Nos ancêtres les Gaulois, Moyen Âge obscur : décrypter les mythes de l'histoire de France.
Publié le 27/10/2025
Julien Théry vous présente son ouvrage "En finir avec les idées fausses sur l'histoire de France" aux éditions de l'Atelier. Entretien avec Nicolas Patin.
Dans cet essai Julien Théry, médiéviste et animateur de l'émission La Grande H, s'attaque à la prolifération et l'instrumentalisation politique des récits sur le passé. Loin de la posture du "chevalier blanc de l'exactitude", l'auteur s'inscrit dans l'héritage de Marc Bloch pour qui il est essentiel de comprendre non seulement pourquoi les faits sont faux, mais surtout pourquoi ces idées fausses sont nées et continuent d'être efficaces. Théry rappelle que toute histoire est instrumentalisée, car la perception du passé est subjective et sélective, toujours liée aux enjeux du présent.

L'ouvrage, dense et documenté, décline cette méthode en étudiant une vingtaine de mythes fondateurs, analysant leur nécessité historique et leur efficacité contemporaine.

L'exemple des "Nos ancêtres les Gaulois" est décortiqué. Ce mythe n'est pas médiéval (où les origines étaient troyennes) mais fut forgé principalement au XIXe siècle. Il a d'abord servi la cause de l'émancipation du Tiers État contre l'aristocratie (héritière des Francs). Il a ensuite été instrumentalisé par Napoléon III (qui se voyait en "nouveau César" civilisateur d'un peuple gaulois indiscipliné). Enfin, la IIIe République (via Ernest Lavisse) l'a imposé dans les manuels scolaires comme un "pieux mensonge" pour faire nation et préparer la revanche.

Aujourd'hui, ce mythe ringardisé par Astérix opère un retour sérieux, notamment dans le discours de la droite conservatrice (Laurent Wauquiez est cité).

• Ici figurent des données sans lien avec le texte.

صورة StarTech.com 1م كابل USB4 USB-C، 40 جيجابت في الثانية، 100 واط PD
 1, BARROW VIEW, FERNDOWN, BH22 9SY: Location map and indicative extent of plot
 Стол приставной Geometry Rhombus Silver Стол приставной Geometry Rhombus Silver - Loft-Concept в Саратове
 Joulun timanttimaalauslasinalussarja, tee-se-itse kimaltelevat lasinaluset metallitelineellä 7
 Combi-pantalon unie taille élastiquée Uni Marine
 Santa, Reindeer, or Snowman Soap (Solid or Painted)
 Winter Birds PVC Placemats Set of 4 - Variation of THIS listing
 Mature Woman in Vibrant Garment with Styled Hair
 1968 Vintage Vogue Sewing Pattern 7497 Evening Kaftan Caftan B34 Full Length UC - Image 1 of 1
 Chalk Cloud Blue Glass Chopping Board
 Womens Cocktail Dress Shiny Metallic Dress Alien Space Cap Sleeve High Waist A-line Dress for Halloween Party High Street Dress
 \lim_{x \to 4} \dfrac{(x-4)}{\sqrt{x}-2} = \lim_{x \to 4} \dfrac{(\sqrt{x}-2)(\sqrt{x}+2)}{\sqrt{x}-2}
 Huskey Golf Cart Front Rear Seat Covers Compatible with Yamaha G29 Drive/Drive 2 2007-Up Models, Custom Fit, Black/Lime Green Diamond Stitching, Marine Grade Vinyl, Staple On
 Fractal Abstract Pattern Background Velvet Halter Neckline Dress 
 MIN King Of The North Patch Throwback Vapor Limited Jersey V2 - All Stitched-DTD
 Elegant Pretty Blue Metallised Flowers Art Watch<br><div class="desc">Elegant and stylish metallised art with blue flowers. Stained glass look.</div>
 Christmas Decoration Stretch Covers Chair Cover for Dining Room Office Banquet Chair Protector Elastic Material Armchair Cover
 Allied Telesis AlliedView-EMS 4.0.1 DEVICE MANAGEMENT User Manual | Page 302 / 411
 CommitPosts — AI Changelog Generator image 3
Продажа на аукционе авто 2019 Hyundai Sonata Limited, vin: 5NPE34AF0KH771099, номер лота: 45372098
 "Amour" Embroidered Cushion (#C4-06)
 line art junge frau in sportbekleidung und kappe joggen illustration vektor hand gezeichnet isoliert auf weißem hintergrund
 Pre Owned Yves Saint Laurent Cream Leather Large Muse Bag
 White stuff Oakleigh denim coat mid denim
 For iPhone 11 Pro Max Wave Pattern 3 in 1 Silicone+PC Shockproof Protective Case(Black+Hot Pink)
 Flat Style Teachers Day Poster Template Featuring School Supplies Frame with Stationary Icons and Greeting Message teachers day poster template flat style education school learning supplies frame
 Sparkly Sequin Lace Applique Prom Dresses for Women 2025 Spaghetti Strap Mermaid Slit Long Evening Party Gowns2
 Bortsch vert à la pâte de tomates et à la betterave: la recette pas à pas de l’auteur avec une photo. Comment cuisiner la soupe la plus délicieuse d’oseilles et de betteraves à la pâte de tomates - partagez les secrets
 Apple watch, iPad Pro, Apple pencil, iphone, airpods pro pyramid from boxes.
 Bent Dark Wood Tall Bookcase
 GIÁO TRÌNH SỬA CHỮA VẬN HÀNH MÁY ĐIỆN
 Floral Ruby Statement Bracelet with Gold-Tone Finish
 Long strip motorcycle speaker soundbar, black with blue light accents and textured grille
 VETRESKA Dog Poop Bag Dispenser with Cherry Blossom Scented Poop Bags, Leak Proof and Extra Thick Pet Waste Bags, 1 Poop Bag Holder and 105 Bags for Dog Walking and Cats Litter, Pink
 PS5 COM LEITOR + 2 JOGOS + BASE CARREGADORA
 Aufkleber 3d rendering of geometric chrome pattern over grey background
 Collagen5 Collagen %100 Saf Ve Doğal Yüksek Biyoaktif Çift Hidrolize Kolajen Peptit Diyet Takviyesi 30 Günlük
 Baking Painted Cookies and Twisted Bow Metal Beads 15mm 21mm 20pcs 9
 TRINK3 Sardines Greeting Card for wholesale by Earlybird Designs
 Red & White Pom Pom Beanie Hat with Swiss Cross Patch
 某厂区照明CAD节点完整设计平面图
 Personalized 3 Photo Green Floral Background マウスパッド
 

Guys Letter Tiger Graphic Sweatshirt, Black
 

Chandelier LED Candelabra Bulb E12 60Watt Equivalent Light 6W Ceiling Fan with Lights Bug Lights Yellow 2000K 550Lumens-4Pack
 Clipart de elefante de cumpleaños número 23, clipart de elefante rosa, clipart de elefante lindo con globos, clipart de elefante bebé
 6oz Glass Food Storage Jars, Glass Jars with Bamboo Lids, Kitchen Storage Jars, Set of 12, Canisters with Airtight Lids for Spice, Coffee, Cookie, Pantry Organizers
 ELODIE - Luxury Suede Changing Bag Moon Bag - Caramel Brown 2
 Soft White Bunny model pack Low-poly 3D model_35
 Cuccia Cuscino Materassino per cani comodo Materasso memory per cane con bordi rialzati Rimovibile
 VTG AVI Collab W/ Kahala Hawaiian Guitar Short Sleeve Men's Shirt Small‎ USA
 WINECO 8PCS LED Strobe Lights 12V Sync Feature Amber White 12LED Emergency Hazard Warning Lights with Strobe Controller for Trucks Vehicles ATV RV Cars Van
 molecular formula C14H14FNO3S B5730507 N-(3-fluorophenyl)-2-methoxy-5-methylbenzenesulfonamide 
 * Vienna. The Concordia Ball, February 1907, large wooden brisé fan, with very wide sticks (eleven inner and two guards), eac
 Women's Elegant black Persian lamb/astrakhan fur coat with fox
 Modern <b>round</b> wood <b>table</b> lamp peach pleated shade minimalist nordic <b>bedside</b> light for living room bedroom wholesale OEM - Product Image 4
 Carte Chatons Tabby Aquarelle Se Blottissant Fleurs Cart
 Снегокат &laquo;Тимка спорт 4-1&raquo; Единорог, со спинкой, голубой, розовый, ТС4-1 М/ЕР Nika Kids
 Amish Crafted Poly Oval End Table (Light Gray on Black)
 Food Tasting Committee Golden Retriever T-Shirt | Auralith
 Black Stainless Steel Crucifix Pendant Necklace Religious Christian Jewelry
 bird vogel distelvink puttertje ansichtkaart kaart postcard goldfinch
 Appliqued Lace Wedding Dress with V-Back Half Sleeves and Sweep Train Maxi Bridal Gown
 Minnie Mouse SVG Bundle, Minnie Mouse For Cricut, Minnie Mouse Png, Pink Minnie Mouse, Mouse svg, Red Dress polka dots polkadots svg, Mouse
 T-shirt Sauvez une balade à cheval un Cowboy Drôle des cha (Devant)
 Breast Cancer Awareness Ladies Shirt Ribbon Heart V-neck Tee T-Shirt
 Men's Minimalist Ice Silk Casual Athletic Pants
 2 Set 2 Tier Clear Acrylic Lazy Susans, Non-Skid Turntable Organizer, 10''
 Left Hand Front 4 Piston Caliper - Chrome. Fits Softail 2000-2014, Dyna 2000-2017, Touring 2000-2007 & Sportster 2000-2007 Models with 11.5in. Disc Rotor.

L'enjeu a changé : il ne s'agit plus de revanche nationale, mais de défendre une "civilisation gauloise" assiégée, renvoyant à l'idéologie du choc des civilisations et du Grand Remplacement.

Julien Théry déconstruit l'idée reçue selon laquelle le Moyen Âge fut une époque de ténèbres. Il rappelle que cette vision péjorative est une invention de la Renaissance ("âge moyen") et des Protestants (pour marquer la rupture religieuse) puis des Lumières (pour dénoncer l'oppression cléricale et le despotisme). Le médiéviste nuance notre sentiment de supériorité occidentale sur la démocratie. En comparant les systèmes, il met en lumière des formes de participation citoyenne plus élevées dans certaines Cités-États médiévales (italiennes, flamandes) que dans nos démocraties représentatives libérales, citant l'existence de lois antimagnats visant à limiter le pouvoir des oligarques.

L'auteur aborde également les sujets sensibles du XXe siècle, dont la complicité française dans le génocide rwandais, l'histoire de la guerre d'Algérie et le mythe "tous résistants". Pour ces sujets brûlants, Julien Théry s'appuie sur la bibliographie spécialisée (Chrétien, Duclert, etc.) et insiste sur les enjeux politiques contemporains. L'affaire du Rwanda est analysée comme la conséquence d'une logique néocoloniale et d'une raison d'État qui a permis à l'Exécutif d'agir sans contrôle démocratique réel. L'objectif de l'historien est de fournir les clés pour comprendre comment ces idées fausses et ces silences continuent de façonner les débats actuels.